Esto es el mundo del sur, territorio de ensueño vegetal y tibio. Guangxi no es una provincia, sino un territorio autónomo concedido a la etnia zhuang. En realidad, es un pequeño país en el que conviven doce etnias diferentes, entreveradas, pero no fusionadas, cada una con sus dioses, sus comidas, su lenguaje, sus fiestas.
Todas aquellas etnias alimentan de ciudadanos la urbe gigante de cinco millones de personas. Así y todo, Guilin es una peca en un paisaje tan hermoso y de características tan peculiares que se impone y es reconocido de un vistazo. Un territorio infinitamente apacible, de montañas que las lluvias moldean caprichosamente hasta hacer de cada una de ellas una criatura única. Se anda entre las montañas y se las ve dialogar, se empatiza con sus sentimientos, se distingue su personalidad. Todas son hirsutas, revestidas de pelo siempre verde y desordenado. El agua que las moja desde la eternidad penetra en ellas, forma cuevas, escurre hacia bañados en donde los humanos cultivan arroz y hacia ríos sobre los que se vuelcan, como animales que beben, los bosques de bambú.
Nos largaremos a flotar en una balsa por el río Li. Veremos turistas que disfrutan un crucero (los saludaremos cuando nos hayamos tirado a nadar, y nos tomarán fotos). Haremos largas caminatas por pequeños senderos que serpentean cerca de sus costas. Llegaremos a Yangshuo, donde este paisaje entra en un mundo de ensueño del que no es posible sustraerse.
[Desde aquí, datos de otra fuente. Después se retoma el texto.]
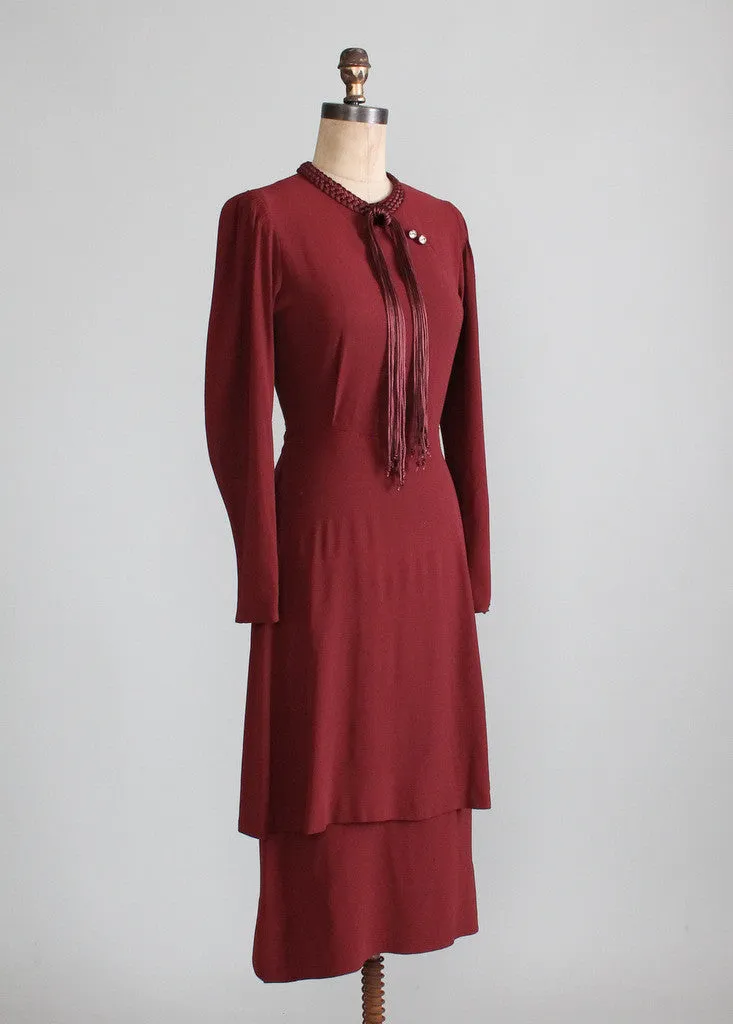 Vintage 1930s Braided Tassel Peplum Dress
Otro de los lugares mágicos cercanos a Guilin (unos 100 kilómetros) son las terrazas de cultivo de arroz de Longji. Allí todo parece fosforecer, los colores del cielo, los cultivos, el agua, y también le vida de sus habitantes, gente de las etnias yao y zhuang.
De regreso en Guilin pasaremos un día en el parque de Los Dos Ríos y los Cuatro Lagos, donde encontraremos la antigua Puerta del Sur de esta ciudad de dos mil años, y una casa de té en una isla, y notables estatuas y árboles sagrados. Cuando se haga de noche nos fascinará la visión de dos altas pagodas hermanas, una iluminada de blanco, la otra de rojo.
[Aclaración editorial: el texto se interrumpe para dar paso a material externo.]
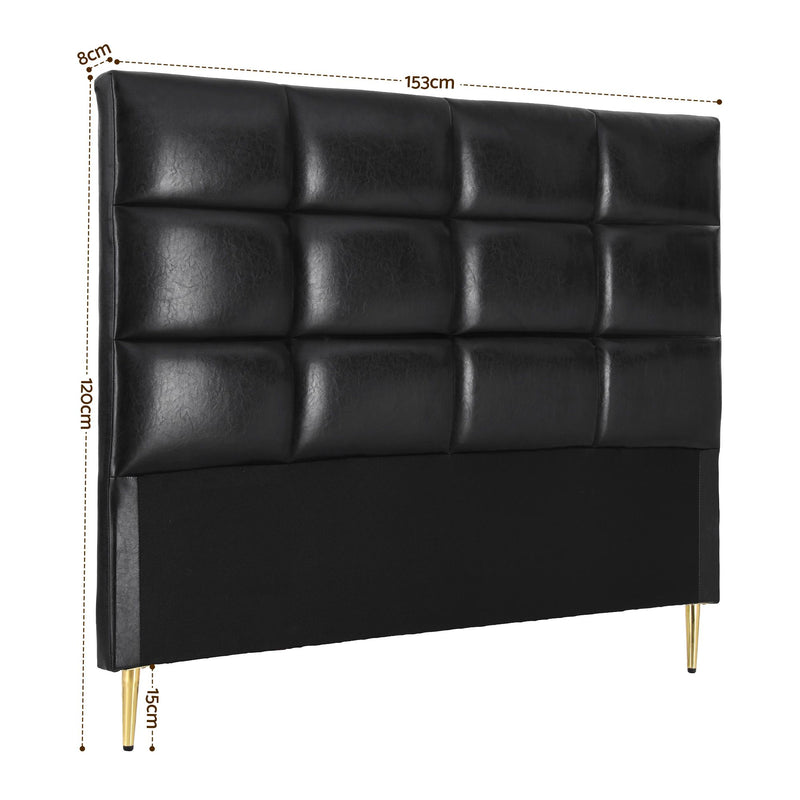 Charcoal Black PU Leather Bedhead Queen - Grid Tufted Wipeable Headboard - Lucendi Home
Nos meteremos en la Caverna de las Flautas, auténticas entrañas de la tierra. Caminaremos por intestinos geológicos, de piedras de formas redondeadas y viscosas, que brillan recubiertas de una membrana de gelatina mineral. Por todas partes escucharemos los infinitos sonidos del agua, reina del espacio. El agua está en todas partes. Corre en hilos por pisos y paredes, gotea de todas las piedras, forma estanques, baña rocas grandes como montañas, llena el aire en forma de humedad perenne. Una humedad que cubrió la piel de los dinosaurios, como ahora cubre la piel de los murciélagos, y la nuestra.
Subiremos, bajaremos, patinaremos, treparemos por terrenos vivos. La oscuridad nos impedirá ver dónde pisamos. No resistiremos la tentación de tocar las paredes, y sentiremos que transpiran frío, como un anfibio descomunal.
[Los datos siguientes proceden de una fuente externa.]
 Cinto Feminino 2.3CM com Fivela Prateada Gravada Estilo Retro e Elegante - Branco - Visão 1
De repente se abrirán espacios enormes. Bestiales pterodáctilos podrían volar allí dentro libremente. Desde que son turísticas, el interior de las cuevas está iluminado de colores. Estalactitas monumentales penden del techo esculpidas por una luz roja, verde, azul, en medio de sombras.
Y entre las sombras andan los humanos turistas, por el sendero tortuoso. Son miles, hacen un río de hormigas minúsculas y estrafalarias, cada una con un celular en la mano, todas asombradas, un poco torpes, chocándose, hablando, mirando, tan ajenas al lugar como extraterrestres.